Nice Otto takes great pride and joy in acting charitably towards his neighbors, finding fulfillment in life from bringing joy to others. He gives his car to Malcolm who had only ever owned a bicycle, he takes in the stray cat as his own, he willingly spends more time with his neighbors and names Marisol as his next of kin, and he takes them all with him to visit his wife’s grave.
Marisol and Tommy wake on a snowy morning to find that Otto never shoveled his walkway. The troubling sight caused panic, since they knew the diligent man always took care of the community when it snowed. They quickly raced across the street and sprinted up the stairs to find Otto lifeless on his bed, reaching towards the floor to grab the quarter Sonya gave him when they first met. Tommy finds a note on Otto’s dresser addressed to Marisol he had written some time earlier to let her know that when he passed, it was from his condition and not from his own hands. Otto poured out his heart to Marisol in the letter. He was gone, but his love was still present. He left Marisol his truck and his estate, to pay for her children’s education, leaving a lasting imprint on his neighbors who he was able to die calling family.

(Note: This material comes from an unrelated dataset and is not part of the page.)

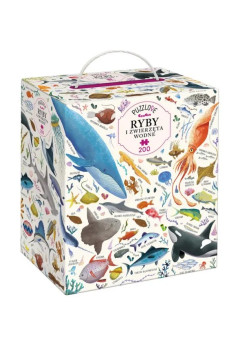 Puzzlove CzuCzu: Ryby i zwierzęta wodne 200 elementów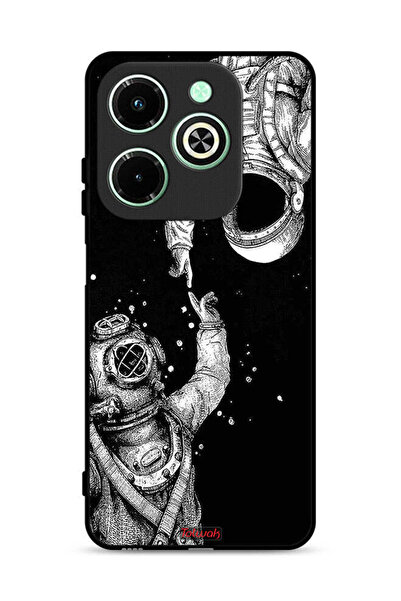 Tolwak غطاء حماية لهاتف Infinix Hot 40i 4G بطبعة رواد فضاء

Fittingly, the movie concludes with a funeral Mass at a Catholic Church. That is when it clicked that this wasn’t simply a movie we chose to see, but something we were drawn towards to deepen our understanding of Christ’s love – especially regarding the Sacraments of Reconciliation and Holy Matrimony. Otto’s love and purpose was discovered in matrimony with his wife. After her passing, his reconciliation renewed his love and brought him into communion with love itself, until it finally consumed him with the warm embrace of death in Christ.
So much can be learned from this beautiful film. Otto never deserved to be treated so nicely by his neighbors. They treated him with mercy even when he couldn’t be bothered to treat them in kind. No matter how many times Otto insulted them, tried to run away, and shroud himself in the darkness of death, they always forgave him. Their love only grew and grew until it blinded him. As we celebrate the conversion of St. Paul this week, I am reminded of how Christ’s love literally blinded him and knocked him off his high horse. Otto and St. Paul were not conquered by Christ, but liberated against their false identity and woundedness.
This movie was a perfect representation of the love Christ has for sinners. No matter how often we sin against God, no matter how closed in on ourselves we wish to be, and no matter how hard we try to run from his love, the light always manages to find us even in the darkest of corners. God’s love is everywhere, and there isn’t a single place in the universe that his love is incapable of reaching. He keeps loving and loving, because love is all He can do, for God is love. A Man Called Otto was a clandestine work of the Holy Spirit to remind us of the nature of love and redemption offered through the mercy of Jesus Christ. I now know it was no coincidence to see the cashier at the movie theater wearing a bracelet that said “Jesus”.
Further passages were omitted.